EXERCISE GOAL »
Within the entries below, the lines from the one with "20231107063614" through the one with "Plamenik CASTOLIN CT27" are to be set down exactly, both ends kept.

[Stored items]
────────────────

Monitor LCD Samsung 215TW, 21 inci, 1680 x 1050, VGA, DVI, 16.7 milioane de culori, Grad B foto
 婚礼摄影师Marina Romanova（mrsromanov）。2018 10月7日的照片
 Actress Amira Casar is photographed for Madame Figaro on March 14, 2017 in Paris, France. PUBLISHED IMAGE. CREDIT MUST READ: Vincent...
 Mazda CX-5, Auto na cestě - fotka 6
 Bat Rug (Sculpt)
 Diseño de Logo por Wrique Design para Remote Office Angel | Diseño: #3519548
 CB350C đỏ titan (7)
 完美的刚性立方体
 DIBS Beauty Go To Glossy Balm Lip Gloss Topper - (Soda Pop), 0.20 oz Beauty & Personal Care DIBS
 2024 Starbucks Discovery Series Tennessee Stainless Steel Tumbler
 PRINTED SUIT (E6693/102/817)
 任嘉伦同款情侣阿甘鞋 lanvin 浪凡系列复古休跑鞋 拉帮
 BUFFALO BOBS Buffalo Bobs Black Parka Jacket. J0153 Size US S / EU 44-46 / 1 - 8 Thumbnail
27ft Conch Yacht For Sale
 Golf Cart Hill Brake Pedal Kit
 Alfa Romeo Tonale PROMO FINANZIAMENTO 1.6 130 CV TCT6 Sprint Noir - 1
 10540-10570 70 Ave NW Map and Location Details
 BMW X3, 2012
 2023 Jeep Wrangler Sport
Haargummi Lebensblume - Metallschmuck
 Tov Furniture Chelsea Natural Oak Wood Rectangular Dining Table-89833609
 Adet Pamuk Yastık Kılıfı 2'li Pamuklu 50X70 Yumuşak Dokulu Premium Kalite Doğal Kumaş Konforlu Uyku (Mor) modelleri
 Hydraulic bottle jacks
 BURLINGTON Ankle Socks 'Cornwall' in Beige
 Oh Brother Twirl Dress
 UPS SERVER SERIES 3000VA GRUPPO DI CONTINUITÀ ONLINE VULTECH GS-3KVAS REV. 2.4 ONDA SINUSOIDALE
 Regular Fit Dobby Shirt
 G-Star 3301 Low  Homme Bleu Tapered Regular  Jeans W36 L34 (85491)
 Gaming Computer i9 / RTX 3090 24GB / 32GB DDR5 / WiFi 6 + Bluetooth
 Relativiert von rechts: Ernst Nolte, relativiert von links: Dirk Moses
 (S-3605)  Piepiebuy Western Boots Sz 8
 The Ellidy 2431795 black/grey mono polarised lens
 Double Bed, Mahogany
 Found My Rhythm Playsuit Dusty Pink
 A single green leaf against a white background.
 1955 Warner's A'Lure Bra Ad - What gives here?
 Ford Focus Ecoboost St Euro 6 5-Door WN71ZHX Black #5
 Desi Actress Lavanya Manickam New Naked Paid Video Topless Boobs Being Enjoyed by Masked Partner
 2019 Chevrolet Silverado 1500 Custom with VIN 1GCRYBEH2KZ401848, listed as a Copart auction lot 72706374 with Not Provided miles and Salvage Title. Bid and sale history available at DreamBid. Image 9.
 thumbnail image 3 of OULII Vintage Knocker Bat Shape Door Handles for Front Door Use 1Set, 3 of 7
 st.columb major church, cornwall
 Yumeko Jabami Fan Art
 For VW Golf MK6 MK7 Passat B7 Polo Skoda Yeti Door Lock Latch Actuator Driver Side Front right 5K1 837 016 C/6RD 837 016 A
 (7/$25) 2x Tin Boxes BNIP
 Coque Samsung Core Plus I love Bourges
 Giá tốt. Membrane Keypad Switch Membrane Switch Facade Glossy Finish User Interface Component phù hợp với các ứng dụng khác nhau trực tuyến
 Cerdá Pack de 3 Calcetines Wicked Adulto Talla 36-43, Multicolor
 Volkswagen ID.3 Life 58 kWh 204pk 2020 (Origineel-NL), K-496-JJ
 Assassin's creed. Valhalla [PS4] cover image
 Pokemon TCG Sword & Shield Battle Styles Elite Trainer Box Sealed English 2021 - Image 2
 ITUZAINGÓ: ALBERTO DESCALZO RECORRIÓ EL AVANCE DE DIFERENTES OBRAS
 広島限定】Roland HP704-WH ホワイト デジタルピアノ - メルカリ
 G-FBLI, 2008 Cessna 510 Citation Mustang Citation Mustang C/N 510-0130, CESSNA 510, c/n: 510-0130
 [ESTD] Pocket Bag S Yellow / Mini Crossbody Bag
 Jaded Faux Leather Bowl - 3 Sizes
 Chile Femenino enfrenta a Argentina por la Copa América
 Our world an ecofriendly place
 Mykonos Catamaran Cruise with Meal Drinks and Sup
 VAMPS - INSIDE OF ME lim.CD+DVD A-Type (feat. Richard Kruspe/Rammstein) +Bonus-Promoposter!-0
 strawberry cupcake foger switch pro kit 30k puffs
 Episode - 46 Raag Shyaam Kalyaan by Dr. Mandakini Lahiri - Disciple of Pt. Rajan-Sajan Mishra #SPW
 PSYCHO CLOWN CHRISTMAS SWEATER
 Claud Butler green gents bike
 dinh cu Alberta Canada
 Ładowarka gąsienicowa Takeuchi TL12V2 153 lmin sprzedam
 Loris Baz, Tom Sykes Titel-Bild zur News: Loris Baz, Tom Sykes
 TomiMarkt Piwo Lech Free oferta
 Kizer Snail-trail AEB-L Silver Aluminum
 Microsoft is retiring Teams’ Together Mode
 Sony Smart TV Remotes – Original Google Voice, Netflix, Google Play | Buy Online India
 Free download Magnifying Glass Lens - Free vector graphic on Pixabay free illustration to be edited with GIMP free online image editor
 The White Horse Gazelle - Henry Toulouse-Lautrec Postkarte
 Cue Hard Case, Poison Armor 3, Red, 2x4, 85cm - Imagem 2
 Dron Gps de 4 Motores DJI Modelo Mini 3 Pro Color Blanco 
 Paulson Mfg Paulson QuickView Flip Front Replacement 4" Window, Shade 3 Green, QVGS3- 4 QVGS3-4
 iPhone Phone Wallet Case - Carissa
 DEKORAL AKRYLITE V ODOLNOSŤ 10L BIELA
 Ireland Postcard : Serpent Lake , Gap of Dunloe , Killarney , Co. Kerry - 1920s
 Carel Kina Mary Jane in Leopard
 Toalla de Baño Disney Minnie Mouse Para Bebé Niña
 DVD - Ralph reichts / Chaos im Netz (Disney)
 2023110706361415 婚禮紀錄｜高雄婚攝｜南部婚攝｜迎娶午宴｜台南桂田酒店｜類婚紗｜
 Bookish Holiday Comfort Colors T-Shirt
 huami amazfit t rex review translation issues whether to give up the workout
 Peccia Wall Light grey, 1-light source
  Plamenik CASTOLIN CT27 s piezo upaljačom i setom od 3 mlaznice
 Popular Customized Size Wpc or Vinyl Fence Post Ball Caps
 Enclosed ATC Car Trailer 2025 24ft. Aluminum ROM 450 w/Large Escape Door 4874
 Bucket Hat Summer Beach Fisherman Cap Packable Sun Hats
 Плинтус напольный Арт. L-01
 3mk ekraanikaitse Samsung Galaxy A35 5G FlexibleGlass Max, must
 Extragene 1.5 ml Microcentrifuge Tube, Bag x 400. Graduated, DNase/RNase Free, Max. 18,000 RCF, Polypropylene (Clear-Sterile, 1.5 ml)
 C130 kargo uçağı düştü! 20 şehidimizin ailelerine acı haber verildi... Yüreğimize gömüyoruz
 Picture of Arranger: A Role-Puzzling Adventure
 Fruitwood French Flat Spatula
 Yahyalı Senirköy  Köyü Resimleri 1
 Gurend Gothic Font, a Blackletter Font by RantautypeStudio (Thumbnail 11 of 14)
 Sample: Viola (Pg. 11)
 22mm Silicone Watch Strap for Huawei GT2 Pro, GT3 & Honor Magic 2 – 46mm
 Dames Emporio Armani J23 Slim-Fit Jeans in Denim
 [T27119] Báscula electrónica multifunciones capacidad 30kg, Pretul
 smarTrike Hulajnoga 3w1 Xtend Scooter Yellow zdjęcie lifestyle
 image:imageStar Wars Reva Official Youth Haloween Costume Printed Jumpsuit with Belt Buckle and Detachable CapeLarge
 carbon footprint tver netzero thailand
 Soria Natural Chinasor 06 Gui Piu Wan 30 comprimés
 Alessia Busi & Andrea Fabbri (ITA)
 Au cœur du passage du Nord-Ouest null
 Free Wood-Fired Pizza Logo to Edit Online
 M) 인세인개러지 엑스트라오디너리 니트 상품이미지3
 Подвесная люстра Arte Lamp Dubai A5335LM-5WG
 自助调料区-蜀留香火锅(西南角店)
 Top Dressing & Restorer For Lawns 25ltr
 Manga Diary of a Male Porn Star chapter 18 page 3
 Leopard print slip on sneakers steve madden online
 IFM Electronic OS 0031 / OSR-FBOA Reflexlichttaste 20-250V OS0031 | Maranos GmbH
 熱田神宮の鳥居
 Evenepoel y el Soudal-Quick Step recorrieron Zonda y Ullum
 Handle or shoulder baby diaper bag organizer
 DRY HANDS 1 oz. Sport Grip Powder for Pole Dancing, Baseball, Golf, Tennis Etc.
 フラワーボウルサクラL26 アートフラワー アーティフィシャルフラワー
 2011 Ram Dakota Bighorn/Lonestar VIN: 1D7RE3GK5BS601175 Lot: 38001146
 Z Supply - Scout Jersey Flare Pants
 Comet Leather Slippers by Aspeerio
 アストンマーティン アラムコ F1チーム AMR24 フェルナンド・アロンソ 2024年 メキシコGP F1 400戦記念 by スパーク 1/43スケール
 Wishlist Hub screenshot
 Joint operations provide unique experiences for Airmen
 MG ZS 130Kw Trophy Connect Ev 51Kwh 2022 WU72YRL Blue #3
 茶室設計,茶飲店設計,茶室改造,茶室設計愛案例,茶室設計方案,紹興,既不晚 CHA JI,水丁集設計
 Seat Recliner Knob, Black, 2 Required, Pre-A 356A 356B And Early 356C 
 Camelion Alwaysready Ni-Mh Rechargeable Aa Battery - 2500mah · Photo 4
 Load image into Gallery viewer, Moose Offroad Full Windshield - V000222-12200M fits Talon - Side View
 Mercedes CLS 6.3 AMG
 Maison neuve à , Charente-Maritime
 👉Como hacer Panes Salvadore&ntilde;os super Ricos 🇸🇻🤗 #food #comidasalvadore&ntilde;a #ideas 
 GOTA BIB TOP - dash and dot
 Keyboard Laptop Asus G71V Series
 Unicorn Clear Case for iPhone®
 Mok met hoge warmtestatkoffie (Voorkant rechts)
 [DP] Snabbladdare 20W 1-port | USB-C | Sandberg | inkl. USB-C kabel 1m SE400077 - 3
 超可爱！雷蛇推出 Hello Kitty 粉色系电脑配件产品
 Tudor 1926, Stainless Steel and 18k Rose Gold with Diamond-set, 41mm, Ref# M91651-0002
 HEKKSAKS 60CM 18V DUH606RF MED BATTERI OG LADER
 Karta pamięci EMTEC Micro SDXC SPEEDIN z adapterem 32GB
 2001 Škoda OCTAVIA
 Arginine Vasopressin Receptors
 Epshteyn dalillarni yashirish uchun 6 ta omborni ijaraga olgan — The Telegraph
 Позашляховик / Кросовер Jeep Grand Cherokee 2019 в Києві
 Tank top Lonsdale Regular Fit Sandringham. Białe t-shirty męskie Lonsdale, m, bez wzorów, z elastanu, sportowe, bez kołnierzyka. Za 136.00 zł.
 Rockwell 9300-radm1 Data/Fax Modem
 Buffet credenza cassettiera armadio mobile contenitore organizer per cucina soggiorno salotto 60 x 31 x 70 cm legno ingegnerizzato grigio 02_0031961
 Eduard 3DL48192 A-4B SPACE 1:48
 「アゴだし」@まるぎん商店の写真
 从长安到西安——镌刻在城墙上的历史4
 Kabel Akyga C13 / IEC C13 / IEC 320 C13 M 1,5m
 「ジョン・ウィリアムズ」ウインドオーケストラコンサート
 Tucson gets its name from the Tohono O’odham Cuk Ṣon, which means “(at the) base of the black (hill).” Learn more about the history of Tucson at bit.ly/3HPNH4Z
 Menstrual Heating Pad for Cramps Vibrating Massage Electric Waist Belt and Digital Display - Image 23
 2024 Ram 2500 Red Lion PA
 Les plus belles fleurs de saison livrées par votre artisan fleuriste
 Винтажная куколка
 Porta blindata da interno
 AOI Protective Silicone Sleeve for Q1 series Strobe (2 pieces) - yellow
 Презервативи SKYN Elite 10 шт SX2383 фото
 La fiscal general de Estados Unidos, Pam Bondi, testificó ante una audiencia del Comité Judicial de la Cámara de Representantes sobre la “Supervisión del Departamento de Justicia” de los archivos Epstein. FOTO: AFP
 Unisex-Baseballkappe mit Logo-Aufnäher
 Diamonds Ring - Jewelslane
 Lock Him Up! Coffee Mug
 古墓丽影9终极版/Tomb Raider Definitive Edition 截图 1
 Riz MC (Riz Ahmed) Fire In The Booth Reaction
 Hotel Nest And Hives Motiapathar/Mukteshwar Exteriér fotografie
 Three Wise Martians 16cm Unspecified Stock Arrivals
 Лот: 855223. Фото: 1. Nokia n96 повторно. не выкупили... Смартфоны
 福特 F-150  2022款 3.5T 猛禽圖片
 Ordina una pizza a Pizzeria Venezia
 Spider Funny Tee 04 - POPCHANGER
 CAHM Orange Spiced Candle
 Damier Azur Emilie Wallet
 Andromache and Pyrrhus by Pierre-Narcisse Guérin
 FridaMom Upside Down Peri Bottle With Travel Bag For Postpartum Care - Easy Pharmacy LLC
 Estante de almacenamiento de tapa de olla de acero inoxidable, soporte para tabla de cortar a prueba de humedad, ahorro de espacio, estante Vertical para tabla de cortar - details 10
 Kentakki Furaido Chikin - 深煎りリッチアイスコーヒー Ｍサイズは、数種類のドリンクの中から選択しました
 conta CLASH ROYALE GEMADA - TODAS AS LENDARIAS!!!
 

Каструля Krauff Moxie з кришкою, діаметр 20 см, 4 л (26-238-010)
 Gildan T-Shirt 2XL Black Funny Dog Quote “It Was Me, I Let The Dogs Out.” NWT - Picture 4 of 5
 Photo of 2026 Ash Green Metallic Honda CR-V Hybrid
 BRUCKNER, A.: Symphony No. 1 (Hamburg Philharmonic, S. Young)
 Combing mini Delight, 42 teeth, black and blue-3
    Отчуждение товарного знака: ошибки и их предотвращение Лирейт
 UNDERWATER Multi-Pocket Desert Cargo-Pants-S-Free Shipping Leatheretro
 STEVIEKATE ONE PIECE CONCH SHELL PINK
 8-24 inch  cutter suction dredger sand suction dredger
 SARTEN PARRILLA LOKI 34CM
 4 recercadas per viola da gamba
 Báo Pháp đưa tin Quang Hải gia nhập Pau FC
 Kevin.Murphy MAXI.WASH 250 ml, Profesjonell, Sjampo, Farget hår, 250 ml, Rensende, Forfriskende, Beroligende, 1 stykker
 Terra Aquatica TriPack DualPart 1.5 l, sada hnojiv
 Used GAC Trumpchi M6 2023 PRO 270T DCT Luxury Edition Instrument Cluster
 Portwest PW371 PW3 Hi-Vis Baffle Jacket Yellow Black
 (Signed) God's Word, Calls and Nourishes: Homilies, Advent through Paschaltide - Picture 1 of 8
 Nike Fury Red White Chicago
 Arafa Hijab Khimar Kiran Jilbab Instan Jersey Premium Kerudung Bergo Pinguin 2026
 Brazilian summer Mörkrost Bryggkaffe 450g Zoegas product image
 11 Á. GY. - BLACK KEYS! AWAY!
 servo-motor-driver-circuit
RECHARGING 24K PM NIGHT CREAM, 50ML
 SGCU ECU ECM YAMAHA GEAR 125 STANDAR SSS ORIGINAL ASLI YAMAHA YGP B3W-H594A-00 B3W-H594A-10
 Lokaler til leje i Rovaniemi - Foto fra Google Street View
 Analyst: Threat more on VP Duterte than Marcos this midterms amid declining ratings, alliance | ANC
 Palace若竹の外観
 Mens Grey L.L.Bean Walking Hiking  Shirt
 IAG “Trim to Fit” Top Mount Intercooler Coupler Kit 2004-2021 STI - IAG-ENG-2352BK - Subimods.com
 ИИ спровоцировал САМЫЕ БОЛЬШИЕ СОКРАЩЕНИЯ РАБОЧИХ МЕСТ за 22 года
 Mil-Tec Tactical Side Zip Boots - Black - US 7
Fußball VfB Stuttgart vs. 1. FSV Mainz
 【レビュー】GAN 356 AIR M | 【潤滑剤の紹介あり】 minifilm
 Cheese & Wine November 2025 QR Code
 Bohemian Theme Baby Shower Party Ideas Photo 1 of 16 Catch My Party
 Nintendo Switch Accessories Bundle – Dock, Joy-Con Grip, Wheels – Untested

────────────────

RESPONSE AREA »
 2023110706361415 婚禮紀錄｜高雄婚攝｜南部婚攝｜迎娶午宴｜台南桂田酒店｜類婚紗｜
 Bookish Holiday Comfort Colors T-Shirt
 huami amazfit t rex review translation issues whether to give up the workout
 Peccia Wall Light grey, 1-light source
  Plamenik CASTOLIN CT27 s piezo upaljačom i setom od 3 mlaznice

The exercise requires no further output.